FIRST AMENDMENT, dated as of February 14, 2020 (this Amendment), to the Credit Agreement, dated as of October 1, 2018 (as amended, restated, supplemented or otherwise modified prior to the date hereof, the Existing Credit Agreement; and as amended by this Amendment, the Credit Agreement), among TENNECO INC., a Delaware corporation (the Company), TENNECO AUTOMOTIVE OPERATING COMPANY INC., a Delaware corporation and a Subsidiary of the Company (TAOC), any other Subsidiary Borrowers (as defined therein) from time to time parties thereto, the several banks and other financial institutions or entities from time to time parties thereto (the Lenders), JPMORGAN CHASE BANK, N.A., as administrative agent for the Lenders (in such capacity, the Administrative Agent).
W I T N E S S E T H:
WHEREAS, the Borrowers, the Lenders, the Administrative Agent and certain other financial institutions are parties to the Existing Credit Agreement;
WHEREAS, the Borrowers, the Required Lenders and, with respect to the amendment set forth in Section 2(c) of this Amendment, the Required Pro Rata Lenders party hereto wish pursuant to Section 10.01 of the Existing Credit Agreement to make certain amendments to the Existing Credit Agreement, in each case as described in this Amendment;
WHEREAS, pursuant to Section 10.1 of the Existing Credit Agreement, the parties hereto hereby agree to amend the Existing Credit Agreement as set forth herein, subject to the terms and conditions set forth herein;
NOW, THEREFORE, in consideration of the premises and mutual covenants contained herein, the parties hereto agree as follows:
1. Defined Terms.

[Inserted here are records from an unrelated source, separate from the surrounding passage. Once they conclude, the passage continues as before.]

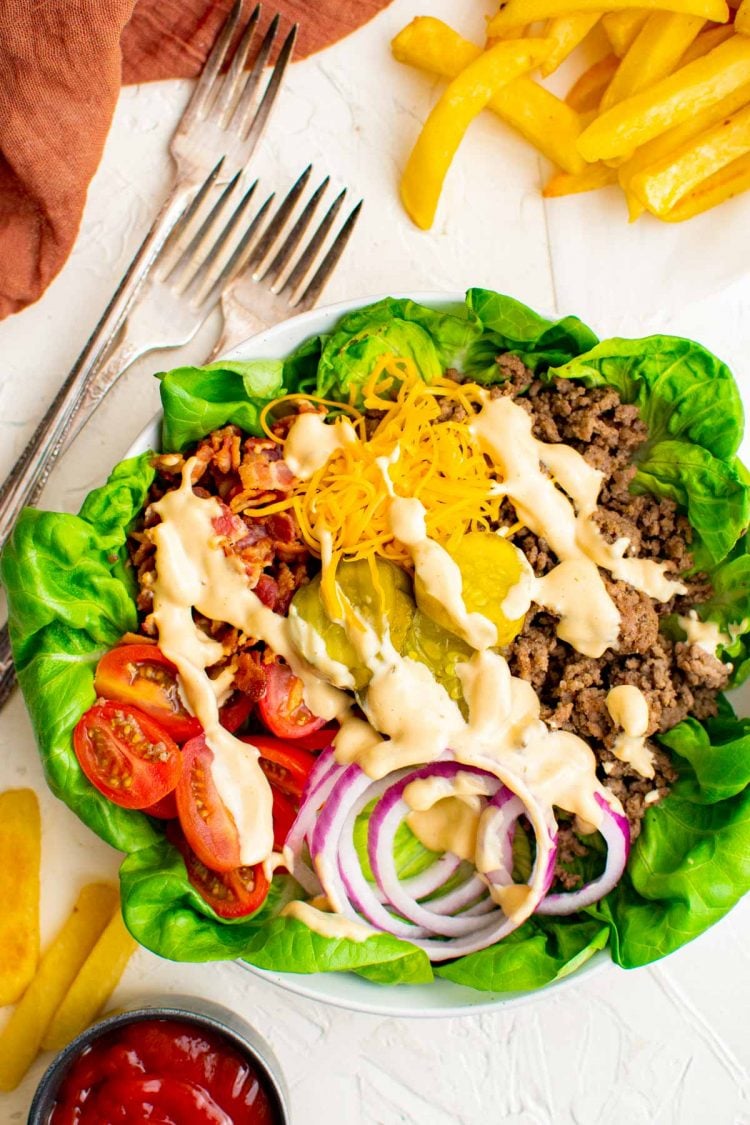 overhead photo of burger bowl with forks next to it and topped with sauce.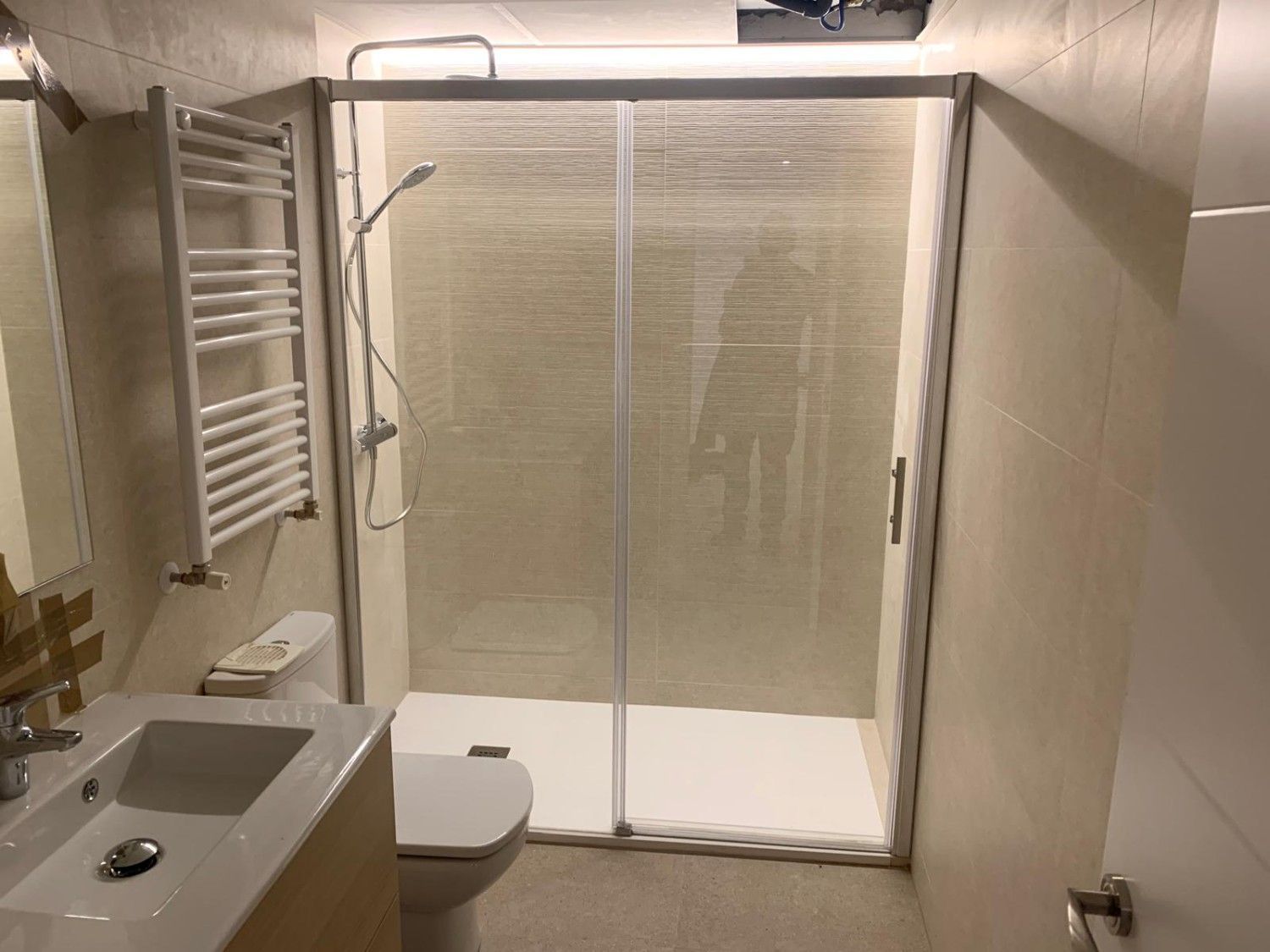 Baño accesible con ducha a ras de suelo, inodoro, lavabo y toallero plegable de pared.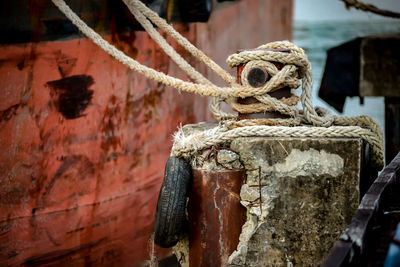 Close-up of rope tied on rusty metal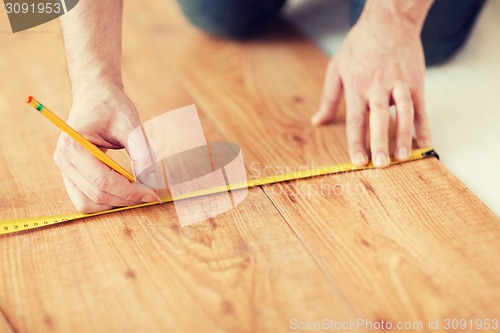 Image of close up of male hands measuring wood flooring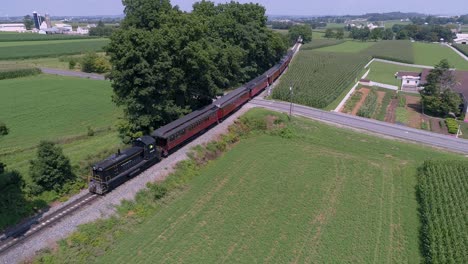 Una-Vista-Aérea-De-Una-Locomotora-Diésel-Tirando-De-Coches-De-Pasajeros-Antiguos-A-Través-De-La-Campiña-Amish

Unless otherwise defined herein or the context otherwise requires, capitalized terms which are defined in the Credit Agreement are used herein as therein defined.

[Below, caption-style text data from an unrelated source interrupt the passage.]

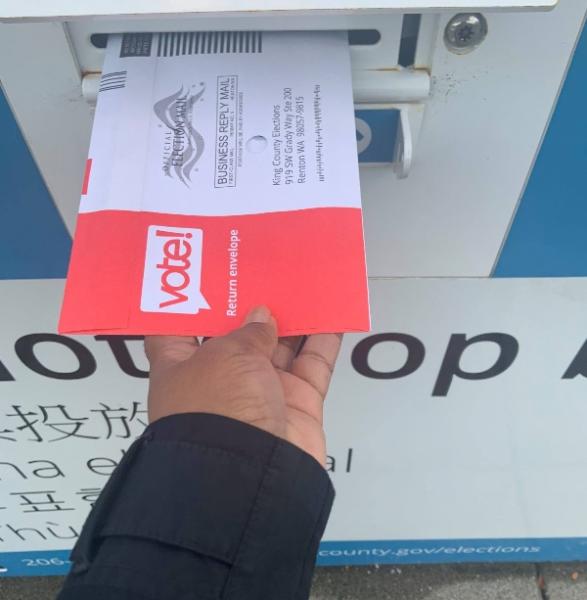 LaTonja puts her ballot in a ballot box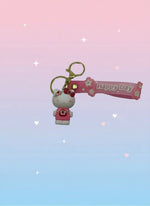 Keychain with cartoon character and 'Happy Day' banner on a gray background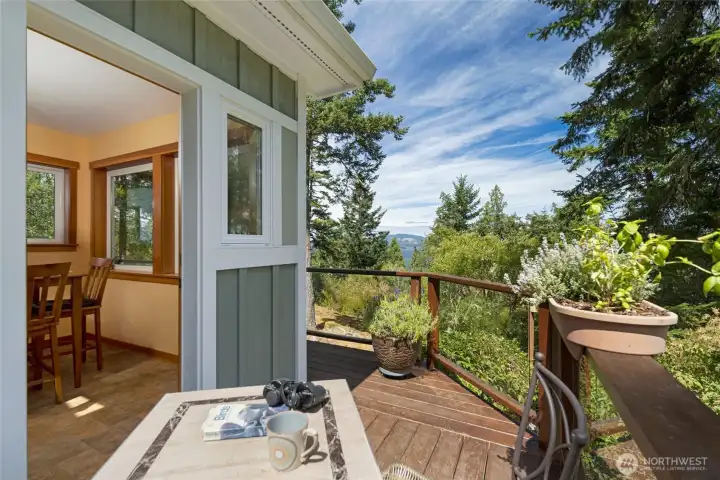 A charming secondary deck opens from a warm wood-trimmed interior dining nook off the kitchen, offering a private outdoor retreat to enjoy coffee and filtered water and mountain views. A charming secondary deck opens from a warm wood-trimmed interior dining nook off the kitchen, offering a private outdoor retreat to enjoy coffee and filtered water and mountain views.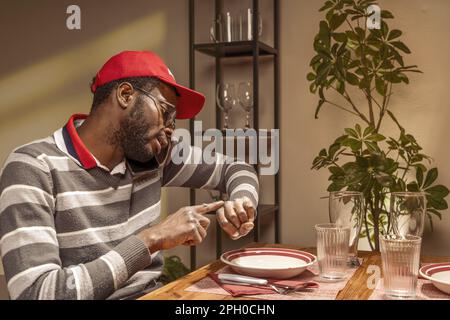 Young African man in casual clothes and red backwards hat, sitting at a restaurant table set for two with an empty chair, talking on the phone and poi Stock Photo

2. Amendments. Effective as of the First Amendment Effective Date (as defined below):
(a) Clause (a) of Section 2.27 of the Existing Credit Agreement is hereby amended by:
(i) deleting $1,000,000,000 where it appears therein and inserting in lieu thereof $800,000,000; and
(ii) deleting assuming full utilization of the Revolving Facility where it appears therein and inserting in lieu thereof assuming full utilization of such Incremental Facility consisting of an increase in the Revolving Facility.